Another witness, Mark Clarence Gelviro, 22, the victim’s friend, said he and Laude met the suspect at the Ambyanz Disco Bar, also on Magsaysay Drive, at 10:55 p.m.
Gelviro told the police that Laude asked him to accompany them to the hotel.
He said Laude, when they reached the hotel, then asked him to leave before the foreigner could discover that they were transgenders.
Both Gallamos and Gelviro described the suspect as having “white complexion, with marine-style cut of hair,” standing between 5’8″ and 5’10” and between 25 and 30 years old.
The suspect, police said, was wearing a white and blue striped shirt with white sleeves, and black shorts when he and Laude checked in at the hotel.
Marilou Laude, a sister of the victim, told the Philippine Daily Inquirer that the suspect could be a US serviceman based on the descriptions given by the witnesses.
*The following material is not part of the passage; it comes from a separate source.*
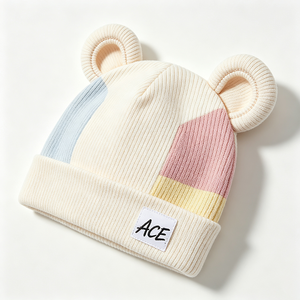 Lindo Gorro de Punto para Bebé con Orejas de Oso, Diseño de Bloques de Color, Acanalado, Suave y Elástico, 100% Acrílico, Marca ACE, Primavera, Otoño, Viajes - Product Image 2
She asked the police to prevent US ships docked here from leaving Subic Bay pending the investigation.
“What we fear now is that those US ships will leave anytime soon and this will make it hard for us to seek justice,” Marilou Laude told the INQUIRER.
Chief Insp. Gil Arizo Domingo of the Olongapo City Police Station 3 appealed to Laude’s relatives not to jump to conclusions on the foreigner’s identity and background.
Still Domingo said that they have started coordinating with the Law Enforcement Department of the Subic Bay Metropolitan Authority (SBMA) to allow them to board the American ships docked inside the Subic Bay Freeport to investigate the case.
Two US warships arrived here on Sept. 27 in time for war exercises between American and Filipino troops in the West Philippine Sea. Two days earlier, some 500 American sailors arrived here for a routine port call.
“There are [thousands of American] troops in those ships and it would be difficult for us to track the suspect, if ever he is a US serviceman,” Domingo said.
Domingo said the Visiting Forces Agreement (VFA) also limited the local police’s authority in immediately carrying out further investigation of US servicemen tagged in crimes.
The INQUIRER on Sunday afternoon tried but failed to reach Kurt Hoyer, press attaché at the US Embassy in Manila, for a statement on the suspicion of Laude’s family that the suspect could be a US soldier. In the five times that the INQUIRER called, Hoyer’s mobile phone was unattended.
A press statement from the US Embassy in Manila said at least 1,400 US troops participating in the annual Philippine Amphibious Landing Exercise were on board the USS Peleliu (LHA 5) and the USS Germantown (LSD 42) when the two ships docked here last month.
The 500 American sailors aboard USS Frank Cable, according to a previous press release from the US Embassy, were “eager to enjoy Olongapo City and strengthen their understanding of a country with deep historical ties to the US and the US Navy.”
“This visit will allow the ship to replenish supplies and give the crew an opportunity for rest and relaxation,” it said.